I have the universal forwarder installed on one of our Windows servers and it has been forwarding logs with no issue for some time now till this morning. One of our dashboards didn't report getting anything from this server this morning, and that is unusual as it reports back a specific process it runs every morning.
I did some looking and a basic search in Splunk of "host=servernamehere" and set the time range to "all time", resulted in getting back all the events on that server up till about 8:30 last night but nothing since then. I remoted into the server and verified the Universal Forwarder service is running I checked the event logs to see if for some strange reason there were no new events in the system since last night and everything checked out fine as the services was running and of course there were tones of new events getting logged. I then went back to Splunk>Setting>Forwarding Management and checked to see the last time that server had phoned home, and it showed a few seconds ago.

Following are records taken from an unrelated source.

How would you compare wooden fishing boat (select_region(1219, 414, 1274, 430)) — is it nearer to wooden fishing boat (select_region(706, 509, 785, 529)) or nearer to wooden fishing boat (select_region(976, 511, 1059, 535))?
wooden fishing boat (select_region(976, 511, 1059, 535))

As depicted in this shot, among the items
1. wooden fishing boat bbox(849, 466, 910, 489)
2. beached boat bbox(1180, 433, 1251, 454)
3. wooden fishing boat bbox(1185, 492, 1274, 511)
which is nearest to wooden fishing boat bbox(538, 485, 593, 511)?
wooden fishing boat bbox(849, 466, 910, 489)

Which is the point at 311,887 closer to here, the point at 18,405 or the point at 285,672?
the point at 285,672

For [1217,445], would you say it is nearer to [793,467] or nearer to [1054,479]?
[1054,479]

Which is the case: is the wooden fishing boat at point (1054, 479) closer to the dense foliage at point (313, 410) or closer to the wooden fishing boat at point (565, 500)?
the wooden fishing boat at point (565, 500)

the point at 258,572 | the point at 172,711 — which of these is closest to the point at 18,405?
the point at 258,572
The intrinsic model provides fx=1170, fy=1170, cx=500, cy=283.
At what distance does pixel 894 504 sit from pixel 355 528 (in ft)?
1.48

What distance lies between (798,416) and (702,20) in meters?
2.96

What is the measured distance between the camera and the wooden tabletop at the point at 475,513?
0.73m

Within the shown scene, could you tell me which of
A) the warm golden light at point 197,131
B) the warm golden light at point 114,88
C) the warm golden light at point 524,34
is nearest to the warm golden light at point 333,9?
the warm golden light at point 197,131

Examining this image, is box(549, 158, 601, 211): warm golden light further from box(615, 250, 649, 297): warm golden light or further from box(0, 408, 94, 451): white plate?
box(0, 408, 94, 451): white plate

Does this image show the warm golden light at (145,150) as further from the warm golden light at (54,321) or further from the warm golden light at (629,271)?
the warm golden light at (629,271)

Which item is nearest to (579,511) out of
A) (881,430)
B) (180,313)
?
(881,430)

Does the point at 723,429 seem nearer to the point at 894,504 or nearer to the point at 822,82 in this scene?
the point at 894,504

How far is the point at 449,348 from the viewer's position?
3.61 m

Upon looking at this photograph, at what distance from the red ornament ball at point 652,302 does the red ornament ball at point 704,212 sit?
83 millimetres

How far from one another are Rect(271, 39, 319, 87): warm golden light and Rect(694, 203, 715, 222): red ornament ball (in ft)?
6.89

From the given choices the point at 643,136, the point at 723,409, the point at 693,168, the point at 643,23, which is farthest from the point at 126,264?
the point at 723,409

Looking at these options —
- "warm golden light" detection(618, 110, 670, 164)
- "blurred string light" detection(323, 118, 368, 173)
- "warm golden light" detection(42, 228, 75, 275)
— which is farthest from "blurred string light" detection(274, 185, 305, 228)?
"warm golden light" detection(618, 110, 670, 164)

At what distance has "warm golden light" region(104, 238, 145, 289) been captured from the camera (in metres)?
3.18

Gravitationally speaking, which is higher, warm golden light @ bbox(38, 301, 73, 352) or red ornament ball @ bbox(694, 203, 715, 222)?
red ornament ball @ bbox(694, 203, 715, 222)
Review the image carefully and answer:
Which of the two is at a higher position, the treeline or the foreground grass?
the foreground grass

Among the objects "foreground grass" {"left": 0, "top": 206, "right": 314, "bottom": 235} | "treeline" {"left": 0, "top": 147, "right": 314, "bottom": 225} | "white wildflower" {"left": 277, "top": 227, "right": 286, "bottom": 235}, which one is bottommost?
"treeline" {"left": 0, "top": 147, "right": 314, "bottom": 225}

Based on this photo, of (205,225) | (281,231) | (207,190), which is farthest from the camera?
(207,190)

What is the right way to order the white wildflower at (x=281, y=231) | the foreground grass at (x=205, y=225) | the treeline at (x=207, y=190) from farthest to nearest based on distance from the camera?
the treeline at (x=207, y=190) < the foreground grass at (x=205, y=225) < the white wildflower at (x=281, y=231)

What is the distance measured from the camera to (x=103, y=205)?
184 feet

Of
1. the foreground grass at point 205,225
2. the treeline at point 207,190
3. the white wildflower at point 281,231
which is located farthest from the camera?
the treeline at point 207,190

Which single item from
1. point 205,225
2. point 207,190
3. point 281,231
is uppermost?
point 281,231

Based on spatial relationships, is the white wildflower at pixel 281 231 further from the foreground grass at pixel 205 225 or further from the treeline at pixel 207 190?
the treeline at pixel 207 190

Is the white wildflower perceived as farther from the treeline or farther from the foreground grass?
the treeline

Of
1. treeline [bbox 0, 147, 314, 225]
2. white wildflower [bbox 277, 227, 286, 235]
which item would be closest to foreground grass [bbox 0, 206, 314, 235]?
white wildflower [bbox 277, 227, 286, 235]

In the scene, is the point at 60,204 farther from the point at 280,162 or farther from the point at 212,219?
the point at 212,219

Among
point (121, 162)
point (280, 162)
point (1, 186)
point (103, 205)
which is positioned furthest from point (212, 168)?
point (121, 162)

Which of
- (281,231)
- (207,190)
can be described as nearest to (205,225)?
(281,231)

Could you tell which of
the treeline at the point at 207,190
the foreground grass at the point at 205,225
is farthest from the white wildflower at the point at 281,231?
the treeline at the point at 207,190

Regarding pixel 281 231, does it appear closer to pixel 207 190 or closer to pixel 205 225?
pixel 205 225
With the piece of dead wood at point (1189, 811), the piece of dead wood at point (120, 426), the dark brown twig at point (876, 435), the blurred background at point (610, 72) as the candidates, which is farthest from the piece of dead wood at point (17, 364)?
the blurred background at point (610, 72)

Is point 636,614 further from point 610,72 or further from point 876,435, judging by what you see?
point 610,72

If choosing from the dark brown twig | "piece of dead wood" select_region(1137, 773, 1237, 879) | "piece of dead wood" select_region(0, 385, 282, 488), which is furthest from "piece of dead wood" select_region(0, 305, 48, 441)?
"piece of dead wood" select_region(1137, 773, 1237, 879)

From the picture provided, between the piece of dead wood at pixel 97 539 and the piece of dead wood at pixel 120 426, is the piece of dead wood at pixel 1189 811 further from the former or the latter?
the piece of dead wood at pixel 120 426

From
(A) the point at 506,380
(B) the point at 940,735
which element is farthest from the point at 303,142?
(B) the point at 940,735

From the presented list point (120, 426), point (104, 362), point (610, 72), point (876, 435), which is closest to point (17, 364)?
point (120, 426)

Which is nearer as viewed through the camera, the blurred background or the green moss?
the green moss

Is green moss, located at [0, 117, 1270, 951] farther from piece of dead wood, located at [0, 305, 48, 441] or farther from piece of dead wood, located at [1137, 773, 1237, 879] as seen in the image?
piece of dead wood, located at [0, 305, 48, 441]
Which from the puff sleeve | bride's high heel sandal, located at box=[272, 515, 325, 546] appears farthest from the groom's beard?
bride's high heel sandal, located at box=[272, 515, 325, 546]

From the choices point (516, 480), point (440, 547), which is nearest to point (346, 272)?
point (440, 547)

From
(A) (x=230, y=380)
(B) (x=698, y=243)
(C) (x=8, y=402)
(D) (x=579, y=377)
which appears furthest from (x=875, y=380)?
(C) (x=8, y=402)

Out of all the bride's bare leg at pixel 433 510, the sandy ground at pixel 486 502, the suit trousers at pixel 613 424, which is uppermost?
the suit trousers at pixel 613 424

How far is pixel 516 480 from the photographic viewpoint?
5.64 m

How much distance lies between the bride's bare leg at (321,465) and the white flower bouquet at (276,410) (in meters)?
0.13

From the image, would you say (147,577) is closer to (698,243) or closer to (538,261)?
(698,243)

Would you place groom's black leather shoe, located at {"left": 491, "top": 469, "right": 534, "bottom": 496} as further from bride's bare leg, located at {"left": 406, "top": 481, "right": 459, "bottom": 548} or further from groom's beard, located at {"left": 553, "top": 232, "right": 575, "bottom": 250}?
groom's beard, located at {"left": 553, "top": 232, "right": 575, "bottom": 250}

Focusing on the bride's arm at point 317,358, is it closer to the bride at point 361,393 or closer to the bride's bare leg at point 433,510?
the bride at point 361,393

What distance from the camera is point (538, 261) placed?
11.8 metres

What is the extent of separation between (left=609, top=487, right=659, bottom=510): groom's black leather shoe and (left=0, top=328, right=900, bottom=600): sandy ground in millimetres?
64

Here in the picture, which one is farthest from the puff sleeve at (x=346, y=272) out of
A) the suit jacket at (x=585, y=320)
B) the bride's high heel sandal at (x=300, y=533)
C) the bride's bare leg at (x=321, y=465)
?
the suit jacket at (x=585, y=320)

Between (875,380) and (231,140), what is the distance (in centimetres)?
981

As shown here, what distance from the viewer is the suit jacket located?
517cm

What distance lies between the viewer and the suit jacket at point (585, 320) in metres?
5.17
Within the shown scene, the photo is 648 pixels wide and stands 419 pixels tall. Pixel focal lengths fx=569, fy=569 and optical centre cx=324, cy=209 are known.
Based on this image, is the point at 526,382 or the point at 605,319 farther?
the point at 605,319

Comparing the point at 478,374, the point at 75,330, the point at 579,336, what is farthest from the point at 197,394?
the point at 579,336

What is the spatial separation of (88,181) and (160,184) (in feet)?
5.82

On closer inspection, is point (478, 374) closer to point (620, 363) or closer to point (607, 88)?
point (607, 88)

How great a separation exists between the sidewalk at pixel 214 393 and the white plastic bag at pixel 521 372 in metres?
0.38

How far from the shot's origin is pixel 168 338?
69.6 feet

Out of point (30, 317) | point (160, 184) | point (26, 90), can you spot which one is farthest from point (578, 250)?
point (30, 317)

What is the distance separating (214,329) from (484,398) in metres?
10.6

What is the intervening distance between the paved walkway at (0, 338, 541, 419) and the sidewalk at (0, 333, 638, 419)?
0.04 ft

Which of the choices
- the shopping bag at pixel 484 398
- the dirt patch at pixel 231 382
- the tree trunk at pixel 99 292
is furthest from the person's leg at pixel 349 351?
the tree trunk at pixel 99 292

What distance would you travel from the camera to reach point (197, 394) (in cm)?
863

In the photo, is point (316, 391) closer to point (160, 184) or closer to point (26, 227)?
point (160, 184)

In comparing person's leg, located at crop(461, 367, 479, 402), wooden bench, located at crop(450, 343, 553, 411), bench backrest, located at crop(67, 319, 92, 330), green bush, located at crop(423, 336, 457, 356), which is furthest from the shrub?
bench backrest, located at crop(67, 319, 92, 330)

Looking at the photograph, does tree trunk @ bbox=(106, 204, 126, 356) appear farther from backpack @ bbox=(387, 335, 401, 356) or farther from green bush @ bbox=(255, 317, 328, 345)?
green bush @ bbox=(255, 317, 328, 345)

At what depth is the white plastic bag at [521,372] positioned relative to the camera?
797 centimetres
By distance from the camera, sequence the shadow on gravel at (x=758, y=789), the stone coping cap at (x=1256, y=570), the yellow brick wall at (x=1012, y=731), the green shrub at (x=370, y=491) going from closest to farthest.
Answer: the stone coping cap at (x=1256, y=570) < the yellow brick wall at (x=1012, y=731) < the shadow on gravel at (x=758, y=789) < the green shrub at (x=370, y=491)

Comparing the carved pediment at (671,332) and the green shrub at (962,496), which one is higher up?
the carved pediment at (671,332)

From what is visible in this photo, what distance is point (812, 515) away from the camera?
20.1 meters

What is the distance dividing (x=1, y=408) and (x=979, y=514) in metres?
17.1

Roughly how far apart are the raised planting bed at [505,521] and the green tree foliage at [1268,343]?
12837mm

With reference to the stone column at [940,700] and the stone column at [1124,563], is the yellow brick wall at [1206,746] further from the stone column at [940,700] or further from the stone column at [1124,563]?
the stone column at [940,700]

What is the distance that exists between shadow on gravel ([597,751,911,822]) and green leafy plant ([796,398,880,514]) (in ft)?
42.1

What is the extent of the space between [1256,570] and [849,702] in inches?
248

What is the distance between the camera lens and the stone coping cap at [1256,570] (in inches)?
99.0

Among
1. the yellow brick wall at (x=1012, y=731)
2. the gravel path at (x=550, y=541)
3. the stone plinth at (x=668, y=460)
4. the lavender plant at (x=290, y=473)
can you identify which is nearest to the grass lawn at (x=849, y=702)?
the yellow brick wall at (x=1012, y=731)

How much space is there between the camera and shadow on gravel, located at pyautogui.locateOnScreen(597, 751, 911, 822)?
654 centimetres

So that is where I am at, everything I know to check looks fine but yet there are no new logs coming from that server into Splunk. I have a feeling a simple reboot will resolve this issue but I am afraid this may happen again or is happening now on other servers.
A. Is there anyway to troubleshoot even further to find the cause of this issue?
B. Can I setup a way to detect this happening on other servers going forward?
C. Is there a way to prevent this from happening again ?
okay found the issue, it was a PEBKAC problem (at least mostly). When I remoted into the server to troubleshoot the issue I remoted into a different server with an almost identical name and did the troubleshooting there instead. Did some back tracking and it ended up the actual server with the issue reset around the time the logs stopped and for some reason the forwarder service just never came back up after the reboot.
I went in and turned the service back on and things started back up just fine.
okay found the issue, it was a PEBKAC problem (at least mostly). When I remoted into the server to troubleshoot the issue I remoted into a different server with an almost identical name and did the troubleshooting there instead. Did some back tracking and it ended up the actual server with the issue reset around the time the logs stopped and for some reason the forwarder service just never came back up after the reboot.
I went in and turned the service back on and things started back up just fine.
Hi @kpers, I know this question was so long ago. I am currently encountering the same issue as you and was wondering what forwarder service you turned back on and could you please elaborate? The UF is installed in a windows server and I'm not that familiar with any services that Splunk uses.
It sounds like you need to open a case. Did you run a real-time (All time) search to see if events are coming in, but with a delay? We has a problem with delay and had to turn off AD name resolution with:
[WinEventLog:Security]
evt_resolve_ad_obj = 0
I did, I even waited like a half hour and came back and checked again before I responded back.
I hate to hear that adding AD name resolution may add a delay as I am new to Splunk and am looking on how to go back and push that config change to all the config files on the Windows servers I have already put Splunk on to get better name reporting in my Dashboard panels. I hope once I figure it out and turn it on I don't have the same issue.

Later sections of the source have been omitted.